If there are many different relationships, it may make more sense to combine them into a single table and use a relation_id in a relations table instead.

1
2
3
entity (id, entity_details...)
relationships (id, relationship_details...)
entity_relations (lhs_entity_id, relationship_id, rhs_entity_id)

So to find what are the possible places the entity "Dog" can live in, we would find the entity_id for "Dog", the relationship_id for "livesIn", and find the entities that are related to Dog in this manner from the entity_relations table.

1
2
3
4
5
6
7
select er.*
  from entity el, entity er, relationships r, entity_relations re
  where el.id = re.lhs_entity_id
  and r.id = re.relationship_id
  and er.id = re.rhs_entity_id
  and el.name = "Dog"
  and r.name = "LivesIn" 

In the above example, we modelled our triple with the entity_relations table. A Facet is technically a property, which is what the relation part of our triple is. However, it is associated with an entity, which gives us the left hand side entity of our triple, and has a value. The value could be anything, but in cases where we control the creation of the Facet and its values, it could very well point to an entity in our dataset, which would be the same as the right hand side entity relation of our triple.

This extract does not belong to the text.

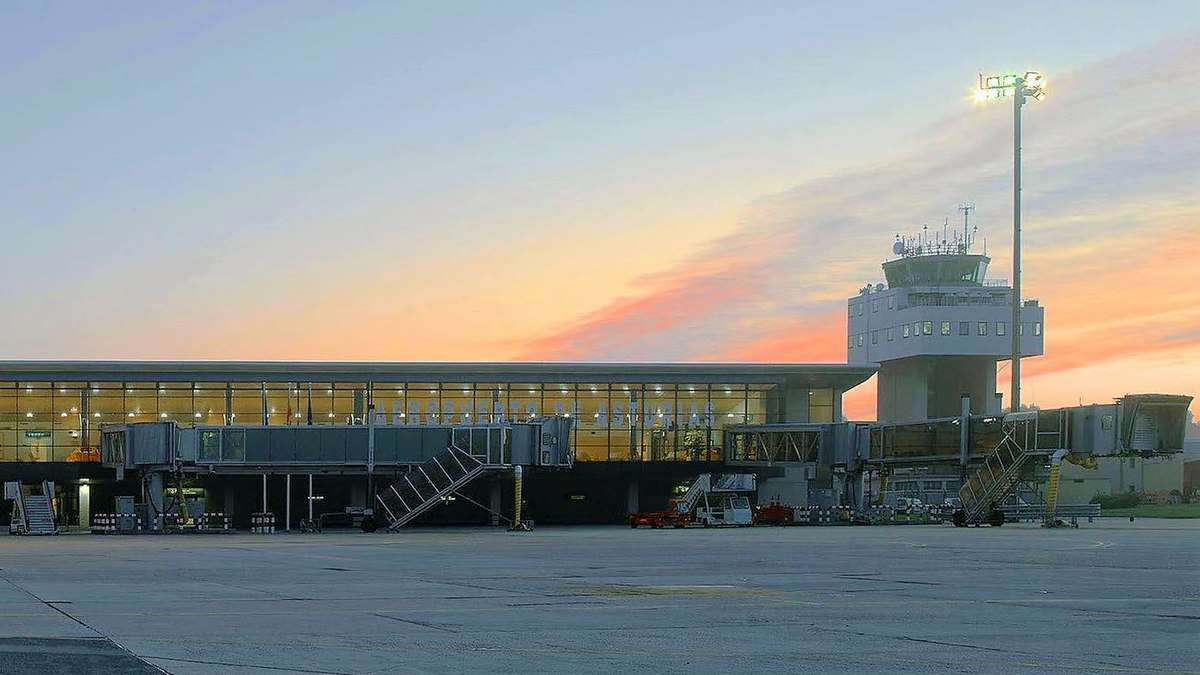 Curiosidades del Aeropuerto de Asturias: historia, datos y anécdotas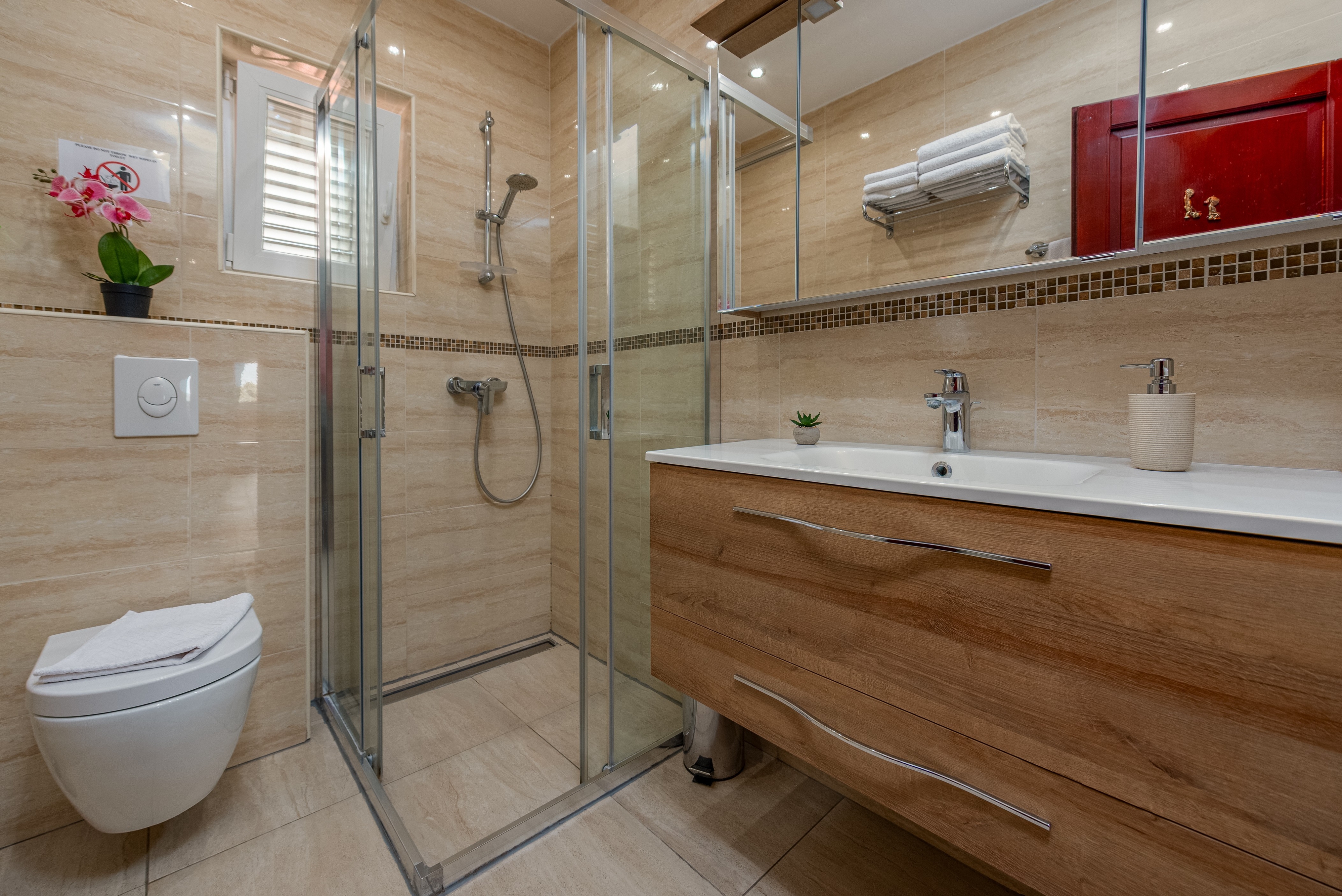 Comfortable and spacious house with terrace and sea view Turanj, Biograd  K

6 comments (moderated to prevent spam):

Mohit Agrawal said...

Can we say that Taxonomy defines entities whereas Ontology describes relation between entities(and their attributes)?

Sujit Pal said...

Probably not. The way I think of it, a taxonomy is a tree structure. So the only relations that can be supported are (B)roader (parents of a node), (N)arrower (children of a node) and (R)elated (siblings of a node). An ontology is when you take multiple trees and join nodes in the trees via relationships, so the end result looks like a forest or graph.

Mohit Agrawal said...

Could you briefly explain me this structure in terms of Database? ie. What will be difference in the actual data of DB tables in case of Ontology and Taxonomy?

Sujit Pal said...

If you wanted to go with databases, ideally, you want to store each of your taxonomies in separate databases, and your ontology in yet another database. I have seen this done at a previous company. The problem is in the relationships, they are hard to distinguish when you have them all together, since an ontology exposes more facts (entity relation entity triples) than a taxonomy (only BNR). However, if you are able to distinguish them in your application, you could store them all in a single database. In either case, there should be no difference between how you model entities and relationships.

Unknown said...

how to store class name and subclass name in .owl file into variables

Sujit Pal said...

Hi Sanju, class and subclass are examples of parent-child or IS-A relationship, and they can be treated the same as instances. In general, in case of taxonomies, classes and subclasses are the non-leaf nodes and instances are the leaf nodes. As an example, consider the Product.owl file - there is a single class with multiple instances Product1, Product2 and Product3. The Product node represents a class and is at the root of the taxonomy, and Product1 is connected to Product via an IS-A relationship, ie Product1 -(IS-A)-> Product. Its fuzzier for Ontologies, consider for example the Shakespeare.owl file here. There are 4 classes defined here - Play, Place, Person and Author. Instances of Play are HenryV and "LovesLaborLost, etc. Both Play and HenryV are nodes in the ontology and are connected by IS-A relationships, ie HenryV -(IS-A)-> Play. If you need to distinguish class vs instance, one possibility may be to use an attribute.